» TASK STATEMENT
Give the data again exactly, from its opening line through the line in which "Tesla Model 3 Long Range All-Wheel Drive" appears.

########

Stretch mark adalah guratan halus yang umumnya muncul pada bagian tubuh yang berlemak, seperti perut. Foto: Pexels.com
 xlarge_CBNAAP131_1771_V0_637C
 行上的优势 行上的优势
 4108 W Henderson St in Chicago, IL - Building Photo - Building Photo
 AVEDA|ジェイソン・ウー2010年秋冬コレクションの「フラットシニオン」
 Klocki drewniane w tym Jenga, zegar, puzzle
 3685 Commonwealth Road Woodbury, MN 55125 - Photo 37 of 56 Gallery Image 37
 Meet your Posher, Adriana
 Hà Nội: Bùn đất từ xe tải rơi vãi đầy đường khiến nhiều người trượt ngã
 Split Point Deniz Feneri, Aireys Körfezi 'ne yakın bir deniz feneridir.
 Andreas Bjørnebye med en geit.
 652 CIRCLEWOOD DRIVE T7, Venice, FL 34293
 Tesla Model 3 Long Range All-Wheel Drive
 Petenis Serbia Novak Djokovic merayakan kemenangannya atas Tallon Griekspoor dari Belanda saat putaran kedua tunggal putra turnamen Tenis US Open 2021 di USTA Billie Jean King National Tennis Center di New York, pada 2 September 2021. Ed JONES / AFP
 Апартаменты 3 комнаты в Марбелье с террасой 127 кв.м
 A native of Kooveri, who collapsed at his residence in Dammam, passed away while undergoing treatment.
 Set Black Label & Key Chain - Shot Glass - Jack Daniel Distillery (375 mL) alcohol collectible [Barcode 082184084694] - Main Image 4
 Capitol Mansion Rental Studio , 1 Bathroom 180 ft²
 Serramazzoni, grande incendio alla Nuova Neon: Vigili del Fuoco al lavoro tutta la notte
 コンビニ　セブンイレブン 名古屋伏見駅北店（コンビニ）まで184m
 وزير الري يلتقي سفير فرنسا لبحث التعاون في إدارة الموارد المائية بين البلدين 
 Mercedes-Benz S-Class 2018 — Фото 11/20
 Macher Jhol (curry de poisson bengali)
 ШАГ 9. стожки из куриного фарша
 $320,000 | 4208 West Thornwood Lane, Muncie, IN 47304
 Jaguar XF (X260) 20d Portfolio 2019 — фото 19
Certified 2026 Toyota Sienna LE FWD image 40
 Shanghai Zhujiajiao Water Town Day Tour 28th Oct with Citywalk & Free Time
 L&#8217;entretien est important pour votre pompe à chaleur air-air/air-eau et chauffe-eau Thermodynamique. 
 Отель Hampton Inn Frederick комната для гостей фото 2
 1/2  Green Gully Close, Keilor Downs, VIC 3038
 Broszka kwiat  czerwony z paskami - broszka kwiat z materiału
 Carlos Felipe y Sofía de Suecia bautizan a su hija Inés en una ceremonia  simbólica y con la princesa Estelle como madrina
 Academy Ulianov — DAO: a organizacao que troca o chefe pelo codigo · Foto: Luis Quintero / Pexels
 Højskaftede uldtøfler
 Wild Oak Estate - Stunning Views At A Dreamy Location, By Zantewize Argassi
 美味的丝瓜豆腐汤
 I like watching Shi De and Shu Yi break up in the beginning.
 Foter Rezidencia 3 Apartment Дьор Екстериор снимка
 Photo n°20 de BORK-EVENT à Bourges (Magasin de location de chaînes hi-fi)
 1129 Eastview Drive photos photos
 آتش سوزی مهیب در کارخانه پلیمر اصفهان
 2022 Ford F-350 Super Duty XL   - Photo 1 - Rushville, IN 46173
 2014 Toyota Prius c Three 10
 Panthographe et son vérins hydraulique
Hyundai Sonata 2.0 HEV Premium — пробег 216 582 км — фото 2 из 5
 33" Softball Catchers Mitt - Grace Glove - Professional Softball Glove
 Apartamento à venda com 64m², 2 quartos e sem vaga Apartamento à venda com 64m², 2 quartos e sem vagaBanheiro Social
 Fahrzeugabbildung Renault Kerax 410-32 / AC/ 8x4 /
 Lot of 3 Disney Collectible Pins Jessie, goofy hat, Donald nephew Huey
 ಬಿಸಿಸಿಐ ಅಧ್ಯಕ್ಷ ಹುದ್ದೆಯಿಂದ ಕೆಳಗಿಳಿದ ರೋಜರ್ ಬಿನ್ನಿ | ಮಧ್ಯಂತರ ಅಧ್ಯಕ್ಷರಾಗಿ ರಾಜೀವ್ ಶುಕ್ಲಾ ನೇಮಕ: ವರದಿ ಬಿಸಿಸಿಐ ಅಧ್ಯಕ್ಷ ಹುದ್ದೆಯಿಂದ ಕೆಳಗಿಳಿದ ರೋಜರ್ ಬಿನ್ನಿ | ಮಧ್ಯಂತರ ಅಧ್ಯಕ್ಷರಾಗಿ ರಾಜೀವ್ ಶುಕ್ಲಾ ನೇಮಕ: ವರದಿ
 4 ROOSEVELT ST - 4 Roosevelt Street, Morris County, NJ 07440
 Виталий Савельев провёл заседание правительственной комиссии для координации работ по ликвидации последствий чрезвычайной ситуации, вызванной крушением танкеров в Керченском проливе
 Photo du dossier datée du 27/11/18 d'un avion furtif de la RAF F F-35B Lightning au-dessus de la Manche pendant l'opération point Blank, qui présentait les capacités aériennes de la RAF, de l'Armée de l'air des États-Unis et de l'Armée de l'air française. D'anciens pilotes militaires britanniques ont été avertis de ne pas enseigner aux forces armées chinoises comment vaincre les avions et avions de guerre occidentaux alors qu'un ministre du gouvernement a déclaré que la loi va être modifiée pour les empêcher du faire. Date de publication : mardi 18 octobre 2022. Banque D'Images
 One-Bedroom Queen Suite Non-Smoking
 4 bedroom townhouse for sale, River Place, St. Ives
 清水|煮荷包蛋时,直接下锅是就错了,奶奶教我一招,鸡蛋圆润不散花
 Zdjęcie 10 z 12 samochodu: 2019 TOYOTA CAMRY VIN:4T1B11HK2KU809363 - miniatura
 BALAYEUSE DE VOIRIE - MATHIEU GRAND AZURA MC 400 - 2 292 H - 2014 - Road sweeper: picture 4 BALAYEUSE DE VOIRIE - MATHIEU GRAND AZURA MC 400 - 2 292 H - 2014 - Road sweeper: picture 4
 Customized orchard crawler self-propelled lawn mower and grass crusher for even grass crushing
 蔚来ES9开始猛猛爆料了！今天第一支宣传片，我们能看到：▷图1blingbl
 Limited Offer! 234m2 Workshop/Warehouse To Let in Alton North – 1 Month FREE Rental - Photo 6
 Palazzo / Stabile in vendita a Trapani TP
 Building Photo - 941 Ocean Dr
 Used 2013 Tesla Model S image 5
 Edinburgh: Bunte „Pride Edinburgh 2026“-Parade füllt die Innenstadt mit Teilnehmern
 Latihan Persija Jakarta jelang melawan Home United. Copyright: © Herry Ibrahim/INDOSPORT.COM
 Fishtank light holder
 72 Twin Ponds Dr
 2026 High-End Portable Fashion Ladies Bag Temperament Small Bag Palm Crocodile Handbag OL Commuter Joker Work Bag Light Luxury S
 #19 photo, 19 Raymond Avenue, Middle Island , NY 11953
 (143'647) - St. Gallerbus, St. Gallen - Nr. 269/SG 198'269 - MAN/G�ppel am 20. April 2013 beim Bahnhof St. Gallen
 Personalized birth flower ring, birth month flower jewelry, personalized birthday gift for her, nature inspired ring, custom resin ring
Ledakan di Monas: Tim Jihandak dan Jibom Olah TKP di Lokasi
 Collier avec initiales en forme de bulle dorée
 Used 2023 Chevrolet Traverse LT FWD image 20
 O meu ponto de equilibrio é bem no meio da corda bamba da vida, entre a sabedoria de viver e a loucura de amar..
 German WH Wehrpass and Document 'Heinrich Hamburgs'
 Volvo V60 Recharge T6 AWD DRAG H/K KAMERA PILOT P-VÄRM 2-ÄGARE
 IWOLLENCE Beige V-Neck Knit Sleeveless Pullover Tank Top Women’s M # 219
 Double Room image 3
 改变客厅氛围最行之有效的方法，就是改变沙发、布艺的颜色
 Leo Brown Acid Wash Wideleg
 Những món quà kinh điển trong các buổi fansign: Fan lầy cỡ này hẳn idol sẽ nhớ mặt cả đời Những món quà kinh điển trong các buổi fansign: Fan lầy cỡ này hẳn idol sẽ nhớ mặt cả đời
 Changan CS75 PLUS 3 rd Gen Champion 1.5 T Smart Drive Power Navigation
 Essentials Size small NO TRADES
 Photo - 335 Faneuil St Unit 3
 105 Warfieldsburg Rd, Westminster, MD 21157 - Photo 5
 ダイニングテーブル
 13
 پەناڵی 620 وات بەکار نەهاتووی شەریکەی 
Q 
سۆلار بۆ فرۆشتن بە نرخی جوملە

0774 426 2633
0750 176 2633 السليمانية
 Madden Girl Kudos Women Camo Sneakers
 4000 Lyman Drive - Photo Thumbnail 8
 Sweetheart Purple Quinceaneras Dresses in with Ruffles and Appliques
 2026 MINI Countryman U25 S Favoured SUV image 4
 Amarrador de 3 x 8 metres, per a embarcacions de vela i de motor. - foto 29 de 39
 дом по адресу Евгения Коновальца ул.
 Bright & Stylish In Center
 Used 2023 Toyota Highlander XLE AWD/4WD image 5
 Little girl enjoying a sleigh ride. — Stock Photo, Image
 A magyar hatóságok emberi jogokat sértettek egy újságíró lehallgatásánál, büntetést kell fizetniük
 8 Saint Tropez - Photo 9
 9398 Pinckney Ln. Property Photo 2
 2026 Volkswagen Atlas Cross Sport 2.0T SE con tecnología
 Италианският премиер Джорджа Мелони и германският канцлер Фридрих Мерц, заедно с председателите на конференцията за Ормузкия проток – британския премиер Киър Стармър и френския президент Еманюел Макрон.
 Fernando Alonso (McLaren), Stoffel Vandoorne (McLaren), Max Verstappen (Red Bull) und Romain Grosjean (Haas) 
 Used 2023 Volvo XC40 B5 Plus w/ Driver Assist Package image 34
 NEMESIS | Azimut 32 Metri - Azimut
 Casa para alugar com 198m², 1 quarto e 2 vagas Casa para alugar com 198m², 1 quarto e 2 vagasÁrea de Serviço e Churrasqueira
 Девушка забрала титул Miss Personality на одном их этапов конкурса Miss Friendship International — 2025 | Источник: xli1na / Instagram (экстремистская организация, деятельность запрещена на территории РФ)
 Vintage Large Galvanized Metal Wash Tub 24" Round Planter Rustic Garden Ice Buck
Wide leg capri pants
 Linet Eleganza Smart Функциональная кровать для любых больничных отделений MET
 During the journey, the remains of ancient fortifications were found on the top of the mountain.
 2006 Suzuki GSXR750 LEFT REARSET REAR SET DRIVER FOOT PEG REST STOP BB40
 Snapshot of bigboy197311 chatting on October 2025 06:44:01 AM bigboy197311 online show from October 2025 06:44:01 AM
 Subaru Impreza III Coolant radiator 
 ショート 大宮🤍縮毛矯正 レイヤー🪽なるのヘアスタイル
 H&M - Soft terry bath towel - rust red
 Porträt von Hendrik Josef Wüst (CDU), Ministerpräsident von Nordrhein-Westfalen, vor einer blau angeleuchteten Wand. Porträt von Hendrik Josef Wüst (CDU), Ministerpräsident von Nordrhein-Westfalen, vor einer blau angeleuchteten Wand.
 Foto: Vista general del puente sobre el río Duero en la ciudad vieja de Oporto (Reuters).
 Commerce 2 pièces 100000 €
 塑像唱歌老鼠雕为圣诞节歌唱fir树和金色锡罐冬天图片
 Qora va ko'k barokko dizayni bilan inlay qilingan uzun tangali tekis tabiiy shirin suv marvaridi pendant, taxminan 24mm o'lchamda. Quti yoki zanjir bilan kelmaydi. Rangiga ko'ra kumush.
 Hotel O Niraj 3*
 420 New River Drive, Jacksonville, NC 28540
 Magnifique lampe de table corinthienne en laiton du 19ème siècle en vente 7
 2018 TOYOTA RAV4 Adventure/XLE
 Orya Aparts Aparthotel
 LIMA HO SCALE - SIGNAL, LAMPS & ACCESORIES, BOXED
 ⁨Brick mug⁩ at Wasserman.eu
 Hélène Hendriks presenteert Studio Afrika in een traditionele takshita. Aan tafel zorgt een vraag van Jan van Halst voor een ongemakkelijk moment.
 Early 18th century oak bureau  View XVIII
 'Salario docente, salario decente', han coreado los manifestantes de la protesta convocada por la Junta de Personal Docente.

########

» ANSWER TO THIS TASK
Stretch mark adalah guratan halus yang umumnya muncul pada bagian tubuh yang berlemak, seperti perut. Foto: Pexels.com
 xlarge_CBNAAP131_1771_V0_637C
 行上的优势 行上的优势
 4108 W Henderson St in Chicago, IL - Building Photo - Building Photo
 AVEDA|ジェイソン・ウー2010年秋冬コレクションの「フラットシニオン」
 Klocki drewniane w tym Jenga, zegar, puzzle
 3685 Commonwealth Road Woodbury, MN 55125 - Photo 37 of 56 Gallery Image 37
 Meet your Posher, Adriana
 Hà Nội: Bùn đất từ xe tải rơi vãi đầy đường khiến nhiều người trượt ngã
 Split Point Deniz Feneri, Aireys Körfezi 'ne yakın bir deniz feneridir.
 Andreas Bjørnebye med en geit.
 652 CIRCLEWOOD DRIVE T7, Venice, FL 34293
 Tesla Model 3 Long Range All-Wheel Drive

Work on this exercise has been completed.